Randolph Scott is good in the film, he gets to spend the first bit of the movie smiling and joking around, which is a bit different from his other Ranown characters. He ambles through the movie as the hero, but he isn’t very proactive and spends most of the movie waiting on things to happen to him. He has some good scenes with Manuel Rojas’ Juan, and their unlikely friendship causes Buchanan to get drawn into the Argy brother’s schemes. The best thing about the movie is a young L.Q. Jones in the role of Pecos, a man in Argy Town who also hails from west Texas, just like Buchanan. He starts off working for the Argy’s but eventually changes sides and aides Buchanan and Juan, and gives the film a bit of energy in the middle section. His eulogy during the funeral scene is hilarious and the high point of the film. Barry Kelley, Tol Avery, and Peter Whitney play sheriff Lew Argy, Judge Simon Argy, and hotel owner Amos Argy. They are fine in the roles that they have to play, but there isn’t too much to them (which is unfortunate since one of the best things about the other Ranown films are the interesting villains).
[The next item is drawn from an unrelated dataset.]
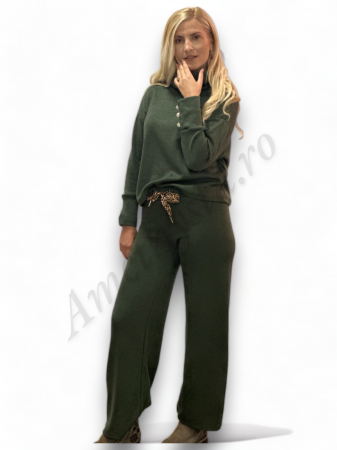 Compleu Dama Molton Bluza si Pantalon - Kaky - Amethysta.ro [9]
The characters are motivated by greed, and most of their scenes are just them learning some bit of information and scheming to screw over one of the other brothers. It’s alright at first but after a while it gets a little boring and confusing.

The Ranown films are all important step in the evolution from the early Hollywood westerns to where the genre eventually went with the spaghetti westerns of the sixties and seventies. Their more grown up feel and more complicated characters make them more interesting than the other Hollywood westerns of that era. But really this isn’t the best of the Ranown films, and it wouldn’t be the first of the Scott/Boetticher films that I would recommend to anyone*. It is enjoyable, but it does get a bit repetitive.

*If I had to pick on then probably The Tall T or Decision at Sundown.